-- PROVIDED RECORDS follows --

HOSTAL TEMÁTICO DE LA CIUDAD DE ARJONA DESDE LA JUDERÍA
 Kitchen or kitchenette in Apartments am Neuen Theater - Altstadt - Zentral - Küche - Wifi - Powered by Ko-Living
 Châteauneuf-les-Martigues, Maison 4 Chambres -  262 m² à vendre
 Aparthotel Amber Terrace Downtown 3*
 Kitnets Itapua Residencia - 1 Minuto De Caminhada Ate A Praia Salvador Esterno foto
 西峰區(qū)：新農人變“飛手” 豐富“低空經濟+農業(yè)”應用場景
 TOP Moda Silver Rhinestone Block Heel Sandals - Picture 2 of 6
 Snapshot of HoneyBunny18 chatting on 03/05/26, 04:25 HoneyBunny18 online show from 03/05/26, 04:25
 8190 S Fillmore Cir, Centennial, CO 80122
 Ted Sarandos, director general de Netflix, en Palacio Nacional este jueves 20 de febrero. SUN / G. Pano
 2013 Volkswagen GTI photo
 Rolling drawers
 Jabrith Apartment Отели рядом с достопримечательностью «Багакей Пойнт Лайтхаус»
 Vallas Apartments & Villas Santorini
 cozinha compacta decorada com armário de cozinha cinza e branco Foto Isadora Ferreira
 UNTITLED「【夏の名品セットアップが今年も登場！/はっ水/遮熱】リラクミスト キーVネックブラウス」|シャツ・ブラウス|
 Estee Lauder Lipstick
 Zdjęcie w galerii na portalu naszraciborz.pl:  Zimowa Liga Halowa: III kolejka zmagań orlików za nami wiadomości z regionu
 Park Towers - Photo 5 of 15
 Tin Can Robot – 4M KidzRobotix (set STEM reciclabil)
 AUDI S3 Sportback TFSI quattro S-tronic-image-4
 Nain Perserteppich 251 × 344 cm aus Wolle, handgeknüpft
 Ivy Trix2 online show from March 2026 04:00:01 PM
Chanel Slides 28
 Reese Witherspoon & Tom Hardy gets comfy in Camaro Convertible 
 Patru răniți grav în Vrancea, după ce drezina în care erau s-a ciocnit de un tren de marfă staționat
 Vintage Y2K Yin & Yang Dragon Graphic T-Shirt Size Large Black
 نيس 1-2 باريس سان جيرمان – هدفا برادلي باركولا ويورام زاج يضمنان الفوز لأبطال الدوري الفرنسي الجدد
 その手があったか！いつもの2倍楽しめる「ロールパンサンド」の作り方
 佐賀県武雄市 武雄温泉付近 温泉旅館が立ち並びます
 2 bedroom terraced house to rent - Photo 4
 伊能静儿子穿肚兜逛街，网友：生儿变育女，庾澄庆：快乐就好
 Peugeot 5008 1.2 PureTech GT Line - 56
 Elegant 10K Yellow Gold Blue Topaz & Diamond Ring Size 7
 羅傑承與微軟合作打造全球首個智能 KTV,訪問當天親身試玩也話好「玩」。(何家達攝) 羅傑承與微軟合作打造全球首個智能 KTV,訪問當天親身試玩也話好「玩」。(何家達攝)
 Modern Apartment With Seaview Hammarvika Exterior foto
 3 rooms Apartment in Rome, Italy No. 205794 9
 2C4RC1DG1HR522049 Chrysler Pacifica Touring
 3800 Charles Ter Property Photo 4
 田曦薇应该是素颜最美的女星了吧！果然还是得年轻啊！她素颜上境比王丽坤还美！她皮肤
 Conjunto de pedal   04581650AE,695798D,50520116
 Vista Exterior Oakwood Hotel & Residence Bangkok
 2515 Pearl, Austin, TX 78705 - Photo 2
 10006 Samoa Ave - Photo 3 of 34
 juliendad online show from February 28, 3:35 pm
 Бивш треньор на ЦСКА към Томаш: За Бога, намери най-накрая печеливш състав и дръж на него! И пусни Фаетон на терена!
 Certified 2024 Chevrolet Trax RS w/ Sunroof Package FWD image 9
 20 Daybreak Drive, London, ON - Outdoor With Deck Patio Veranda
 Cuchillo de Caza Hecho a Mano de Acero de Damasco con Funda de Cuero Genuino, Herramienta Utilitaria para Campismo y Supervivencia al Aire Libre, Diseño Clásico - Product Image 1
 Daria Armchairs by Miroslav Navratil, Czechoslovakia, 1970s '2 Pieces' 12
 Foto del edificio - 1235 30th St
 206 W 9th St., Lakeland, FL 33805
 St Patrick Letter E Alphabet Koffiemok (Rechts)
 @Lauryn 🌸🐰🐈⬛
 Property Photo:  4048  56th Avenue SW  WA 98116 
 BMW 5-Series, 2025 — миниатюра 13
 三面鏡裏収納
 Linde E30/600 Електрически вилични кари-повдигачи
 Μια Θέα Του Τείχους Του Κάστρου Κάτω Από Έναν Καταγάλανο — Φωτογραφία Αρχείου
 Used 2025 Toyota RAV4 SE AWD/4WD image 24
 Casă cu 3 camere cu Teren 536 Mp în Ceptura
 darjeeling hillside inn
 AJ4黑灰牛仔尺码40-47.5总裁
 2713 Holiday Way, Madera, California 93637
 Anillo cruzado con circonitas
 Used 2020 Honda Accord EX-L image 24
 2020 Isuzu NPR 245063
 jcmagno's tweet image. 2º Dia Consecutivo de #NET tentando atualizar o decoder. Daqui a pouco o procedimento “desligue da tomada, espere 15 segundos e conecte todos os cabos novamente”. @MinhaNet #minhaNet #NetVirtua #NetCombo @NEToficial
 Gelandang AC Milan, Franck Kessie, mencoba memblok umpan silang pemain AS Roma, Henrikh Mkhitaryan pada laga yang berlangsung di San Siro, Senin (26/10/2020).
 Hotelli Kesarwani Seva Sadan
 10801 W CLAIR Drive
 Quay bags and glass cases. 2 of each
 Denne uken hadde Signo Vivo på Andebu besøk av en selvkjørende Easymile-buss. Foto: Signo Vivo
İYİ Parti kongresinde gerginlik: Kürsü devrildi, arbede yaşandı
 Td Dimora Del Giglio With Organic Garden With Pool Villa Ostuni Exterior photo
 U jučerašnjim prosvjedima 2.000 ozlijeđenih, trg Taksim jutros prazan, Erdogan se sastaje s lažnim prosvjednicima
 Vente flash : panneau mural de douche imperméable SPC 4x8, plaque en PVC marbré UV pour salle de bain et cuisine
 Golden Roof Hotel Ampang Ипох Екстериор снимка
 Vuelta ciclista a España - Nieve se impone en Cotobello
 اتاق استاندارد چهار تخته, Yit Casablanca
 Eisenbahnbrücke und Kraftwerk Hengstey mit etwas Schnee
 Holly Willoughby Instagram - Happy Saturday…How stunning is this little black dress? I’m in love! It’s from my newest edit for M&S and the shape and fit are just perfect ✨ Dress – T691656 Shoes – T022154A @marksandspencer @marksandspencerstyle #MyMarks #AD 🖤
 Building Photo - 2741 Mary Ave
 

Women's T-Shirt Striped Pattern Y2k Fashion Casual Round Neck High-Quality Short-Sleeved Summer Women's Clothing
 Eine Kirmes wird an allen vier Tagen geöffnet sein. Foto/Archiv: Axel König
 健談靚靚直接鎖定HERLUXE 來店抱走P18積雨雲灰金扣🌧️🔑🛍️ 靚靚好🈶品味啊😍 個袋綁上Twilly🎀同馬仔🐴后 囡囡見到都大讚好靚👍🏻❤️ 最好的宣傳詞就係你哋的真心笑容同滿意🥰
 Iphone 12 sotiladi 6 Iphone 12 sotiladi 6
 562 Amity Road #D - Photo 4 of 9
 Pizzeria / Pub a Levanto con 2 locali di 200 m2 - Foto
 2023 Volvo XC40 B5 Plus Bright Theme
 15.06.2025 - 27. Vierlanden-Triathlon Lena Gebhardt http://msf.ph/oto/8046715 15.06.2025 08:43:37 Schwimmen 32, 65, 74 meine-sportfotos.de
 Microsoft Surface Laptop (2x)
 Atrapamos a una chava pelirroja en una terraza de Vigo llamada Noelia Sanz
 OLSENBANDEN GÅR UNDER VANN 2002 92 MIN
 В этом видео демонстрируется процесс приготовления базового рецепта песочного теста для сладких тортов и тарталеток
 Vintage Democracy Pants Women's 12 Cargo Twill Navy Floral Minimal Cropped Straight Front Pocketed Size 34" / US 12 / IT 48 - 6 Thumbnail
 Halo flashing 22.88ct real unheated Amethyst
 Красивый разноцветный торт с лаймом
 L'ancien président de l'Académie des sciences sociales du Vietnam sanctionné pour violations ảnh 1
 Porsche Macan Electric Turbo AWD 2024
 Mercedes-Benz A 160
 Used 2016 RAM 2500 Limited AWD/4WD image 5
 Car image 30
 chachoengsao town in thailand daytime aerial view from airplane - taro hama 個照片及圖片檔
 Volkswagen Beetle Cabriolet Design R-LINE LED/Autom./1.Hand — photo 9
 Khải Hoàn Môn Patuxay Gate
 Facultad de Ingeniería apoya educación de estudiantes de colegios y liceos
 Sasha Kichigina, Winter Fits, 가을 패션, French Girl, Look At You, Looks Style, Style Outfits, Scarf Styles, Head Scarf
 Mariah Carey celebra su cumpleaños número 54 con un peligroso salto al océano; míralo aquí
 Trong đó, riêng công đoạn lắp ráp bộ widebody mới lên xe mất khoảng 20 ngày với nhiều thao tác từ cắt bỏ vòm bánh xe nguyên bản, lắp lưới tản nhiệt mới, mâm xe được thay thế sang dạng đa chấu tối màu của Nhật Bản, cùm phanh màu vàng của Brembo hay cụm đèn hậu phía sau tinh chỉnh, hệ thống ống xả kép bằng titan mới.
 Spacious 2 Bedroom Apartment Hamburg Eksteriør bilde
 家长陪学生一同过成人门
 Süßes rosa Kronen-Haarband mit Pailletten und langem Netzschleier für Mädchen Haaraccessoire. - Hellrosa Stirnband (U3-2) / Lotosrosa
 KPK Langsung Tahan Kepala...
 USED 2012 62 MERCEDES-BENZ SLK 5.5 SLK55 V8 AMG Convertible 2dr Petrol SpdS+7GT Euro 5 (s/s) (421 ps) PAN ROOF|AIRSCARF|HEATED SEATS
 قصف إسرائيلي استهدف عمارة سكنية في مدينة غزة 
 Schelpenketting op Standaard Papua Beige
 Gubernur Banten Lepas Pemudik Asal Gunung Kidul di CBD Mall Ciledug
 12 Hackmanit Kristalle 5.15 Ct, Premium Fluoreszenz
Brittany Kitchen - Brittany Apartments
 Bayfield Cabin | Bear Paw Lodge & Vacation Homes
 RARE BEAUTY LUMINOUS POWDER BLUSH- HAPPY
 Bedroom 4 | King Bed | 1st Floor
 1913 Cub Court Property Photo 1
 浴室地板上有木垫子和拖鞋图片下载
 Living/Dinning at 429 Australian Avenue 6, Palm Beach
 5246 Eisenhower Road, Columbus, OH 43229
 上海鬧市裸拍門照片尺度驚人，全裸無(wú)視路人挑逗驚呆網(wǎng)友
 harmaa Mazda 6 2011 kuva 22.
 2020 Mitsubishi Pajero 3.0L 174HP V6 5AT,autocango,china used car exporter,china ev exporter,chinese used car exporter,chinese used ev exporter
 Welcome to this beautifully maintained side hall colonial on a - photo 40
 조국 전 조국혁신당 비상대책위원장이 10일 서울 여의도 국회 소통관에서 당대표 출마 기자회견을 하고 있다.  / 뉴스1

-- PROVIDED RECORDS concluded --

* WHAT THIS TASK INVOLVES *
From the data above, reproduce word for word the lines running from the line with "Td Dimora Del" to the line with "اتاق استاندارد چهار تخته, Yit Casablanca", ends included.

* SOLUTION TO THIS EXERCISE *
 Td Dimora Del Giglio With Organic Garden With Pool Villa Ostuni Exterior photo
 U jučerašnjim prosvjedima 2.000 ozlijeđenih, trg Taksim jutros prazan, Erdogan se sastaje s lažnim prosvjednicima
 Vente flash : panneau mural de douche imperméable SPC 4x8, plaque en PVC marbré UV pour salle de bain et cuisine
 Golden Roof Hotel Ampang Ипох Екстериор снимка
 Vuelta ciclista a España - Nieve se impone en Cotobello
 اتاق استاندارد چهار تخته, Yit Casablanca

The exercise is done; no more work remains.